Use latex bathtub caulk rather than silicone. Bathroom caulking will last longer if it’s good quality. Cut the tip of the tube small. Squeeze a small bead of caulk deep into the crack without getting too much caulk on the tile or the tub.
Watch this video of removing old silicone in the bathroom using De-Solv-It Contractors’ Solvent and learn a foolproof method for applying the new caulk. In this video, I re-caulk a counter top with DAP acrylic latex. Took about an hour to complete the whole job.
Use the methods in the video to replace caulking around a tub or shower. It’s easy with the proper preparation. In fact, many women caulk better than men do because they have more patience. With this in mind, take your time removing all the old caulk, completely. Use latex-tub caulk.
To clean, spray all the cracks and old caulking with a bathroom tile cleaner.
Give the product enough time to soak in and kill all the mold spores possible. While it is soaking in, scrape all the old caulk with any of these tools: a razor blade glass scraper, a utility knife, a grout scraper, or a large slotted screwdriver. One of my favorite tools is a sharp wood chisel. Be careful not to use one with any nicks in the blade as it could scratch the tub or the tiles.

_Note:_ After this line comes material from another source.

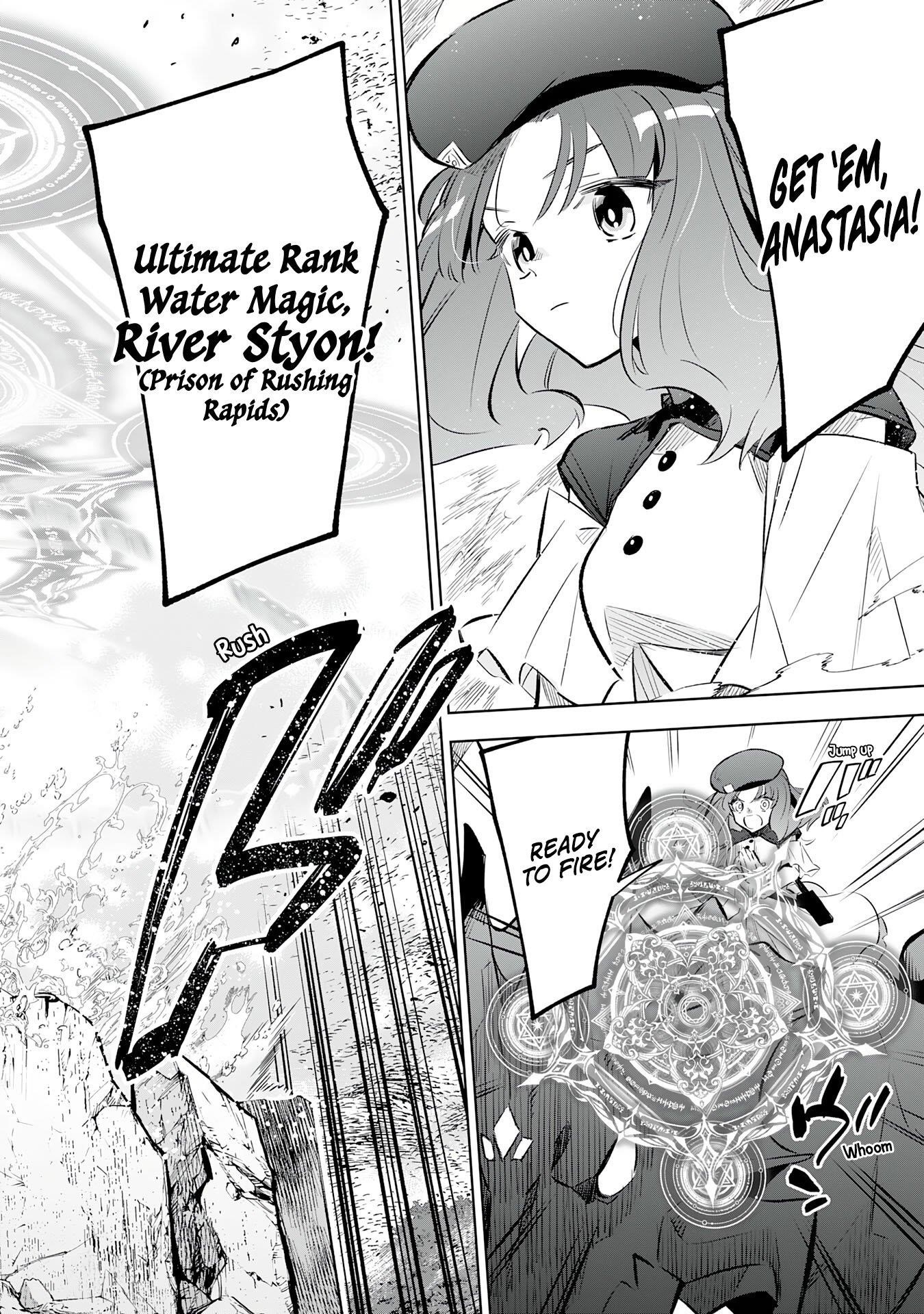 The Reincarnated Elf Left on a Journey to Master His Magic and With His Extra Lifespan Became a Living Legend Chapter 21 - Page 11 in English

Once all the old grout is removed, clean the area with ‘Soft Scrub’ or the like and rinse well.
Then, fill the tub with water, warm is nice because you will be kneeling in it while you are caulking. Usually when the caulk between the tub and the tile does not last it is because the tub is moving a tiny bit. Filling the tub with water can make it settle 1/16-inch. Now the caulking will not crack the next time someone takes a bath.
Do not get ahead of yourself. If you apply too much caulking around the tub, it could start to dry before you wipe it smooth. Use a sponge, some water and a towel to apply, clean and dry as you work your way around the tub.
Use your finger to first wipe off the surface caulk. Clean your finger on the sponge when you get too much caulk on it. After you finger the caulk out of the crack, clean the area with the sponge to remove any excess caulk. Work on small areas at a time, 30-inches or so. It is easier to do a professional job while the caulk is still soft.
If you clean too much caulk out of the joint, you can always add a second layer when the first hardens up. Whatever you do, do not leave a big cove of caulking on the tub and tile. It just gives dirt and mildew a place to hang out.